By: Rabbi Idit Lev
The month of Elul and the ten days of repentance that follow it are a yearly fixed point in time, when we are asked to search our souls and make changes. The fixed repetition every year of prayers and texts brings us a double message. On the one hand, there will always be more things to repair and, on the other hand, we must try to make the repairs. Correction and change in personal behavior are difficult and not simple (think of a habit you have that you want to get rid of but have difficulty doing so). But, when we succeed in bringing about personal change – how good is the feeling.
During these days, my thoughts are personal, inward-looking, thoughts about mitzvoth between me and God, thoughts about my relationships with people and the world around me, the mitzvoth between man and man, and where I stand in all of this. I see the mitzvoth as a route showing me the right way to behave, what should be my expectations for myself. There is no other place where I feel so much at home, understand the childhood of my children, which so much resembles my own childhood.
In contrast to me, a woman who observes the mitzvoth, the state is not required to give a true reckoning. It is under no religious authority (and some will say this is a good thing), it is under no clear moral authority, and elections once in four years does not constitute real accountability.

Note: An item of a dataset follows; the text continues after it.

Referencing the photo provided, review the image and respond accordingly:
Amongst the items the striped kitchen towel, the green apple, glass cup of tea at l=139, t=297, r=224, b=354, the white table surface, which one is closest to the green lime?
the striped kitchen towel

I have no doubt that there are in the political system and in the government there are people who examine themselves, and act for a better place. But, when I look a the general picture of our State, and do its their and our – as it members, examination, I see that there are so many changes to do, and so many thing to correct. But the greatest difficulty is that we, as a society, do not agree about what is needed to be corrected.
What I see
From the Centre of Human Rights of “Rabbis for Human Rights” and from my personal life as mother of three children in the state educational system, I see a state which puts economic values at the top of the list. The politicians measure the GDP and the rate of unemployment and growth, but forget that we have a responsibility towards people from other countries who are persecuted and tortured. We have forgotten that the state’s responsibility is not only to organize peoples’ lives, but also to be concerned with the rights of all who live here: rights to accommodation, work, a decent existence, a good education and many other rights which are not implemented in the State of Israel.

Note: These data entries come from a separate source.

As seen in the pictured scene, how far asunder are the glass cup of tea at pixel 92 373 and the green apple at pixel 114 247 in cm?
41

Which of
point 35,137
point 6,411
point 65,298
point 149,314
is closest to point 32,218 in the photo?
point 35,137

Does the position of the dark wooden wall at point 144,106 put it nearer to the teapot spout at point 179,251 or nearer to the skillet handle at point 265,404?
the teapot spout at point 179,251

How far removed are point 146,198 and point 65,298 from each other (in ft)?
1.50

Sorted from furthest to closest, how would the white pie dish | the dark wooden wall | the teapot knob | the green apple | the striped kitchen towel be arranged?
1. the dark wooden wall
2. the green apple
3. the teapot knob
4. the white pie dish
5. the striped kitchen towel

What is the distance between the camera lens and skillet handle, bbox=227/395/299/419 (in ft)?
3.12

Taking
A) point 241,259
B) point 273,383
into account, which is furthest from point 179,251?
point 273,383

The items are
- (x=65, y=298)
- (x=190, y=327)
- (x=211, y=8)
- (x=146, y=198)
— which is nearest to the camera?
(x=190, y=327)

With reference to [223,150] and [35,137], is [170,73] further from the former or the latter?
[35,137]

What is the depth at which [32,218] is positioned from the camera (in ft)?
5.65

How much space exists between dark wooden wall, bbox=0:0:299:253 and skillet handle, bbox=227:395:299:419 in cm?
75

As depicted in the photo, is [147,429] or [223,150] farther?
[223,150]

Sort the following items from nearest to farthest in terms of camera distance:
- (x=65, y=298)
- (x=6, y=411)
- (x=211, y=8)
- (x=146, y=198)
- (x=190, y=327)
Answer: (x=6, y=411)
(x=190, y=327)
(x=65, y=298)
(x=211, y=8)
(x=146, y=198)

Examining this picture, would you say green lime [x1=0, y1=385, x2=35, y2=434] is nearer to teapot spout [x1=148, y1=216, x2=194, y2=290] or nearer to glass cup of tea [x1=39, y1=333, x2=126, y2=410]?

Year after year, I invest my strength and my efforts to make this country a better place. Every year, I observe more injustice and more difficulties facing people trying to live a decent and honourable life, Sometimes I wonder if this modern creation of a state truly serves the people living there. This year I would like us to succeed in causing the State of Israel to do some soul-searching and to give simple, clear answers. I want the state to think about what she does, what she chooses and repairs in the new year, what she knows must be fixed and cannot do now, but remembers to do later on. I would like the state to take the Jewish value system and the Declaration of the Rights of Man and to examine herself in the light of them.
Do people living inIsraelhave the right to decent accommodation? Do we have the right to proper employment? Is the public health system a good one? Is there good public education? What values do we inculcate in the public education system? Is there racism in our country? Do we behave towards the other and the stranger, in a way that is right and decent?
More and more questions
After the state examines these issues for itself, let it stand before us, just as we stand before a higher court, and give us an account, and plan of action for changing and repairing the present situation. I know that this is a dream that will not be realized, and in the best case I will receive from my country an economic summary of the situation and how the Treasury officials suggest fixing it (this is called the state budget), a summary which does not see the humanity of every man, even if he is unemployed, disabled or a child who has trouble adjusting to the overcrowded school system.

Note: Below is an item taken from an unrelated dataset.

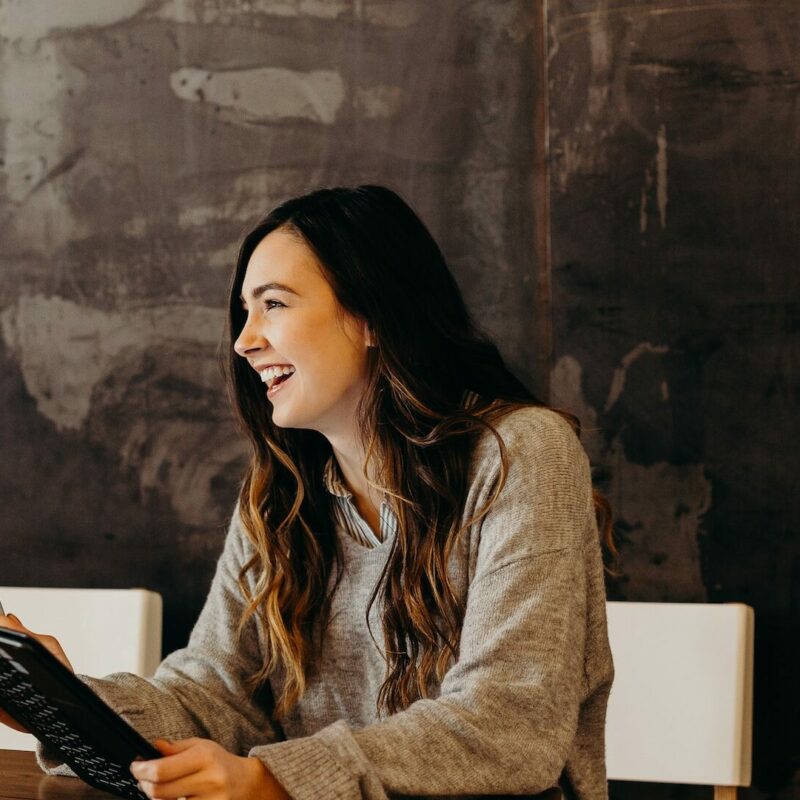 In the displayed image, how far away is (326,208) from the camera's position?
5.17 ft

As long as I believe that we have a chance of causing this to happen, I will continue to fight for this country. The year now ending has not been encouraging and I pray that the coming year will bring the winds of change that I and many others wish for, and know that they will not come if we do not bring them. Everything is expected and permission is given. This year may we choose – as Jews, as a society and as a country – to see each and every man, to respect everyone and care for all.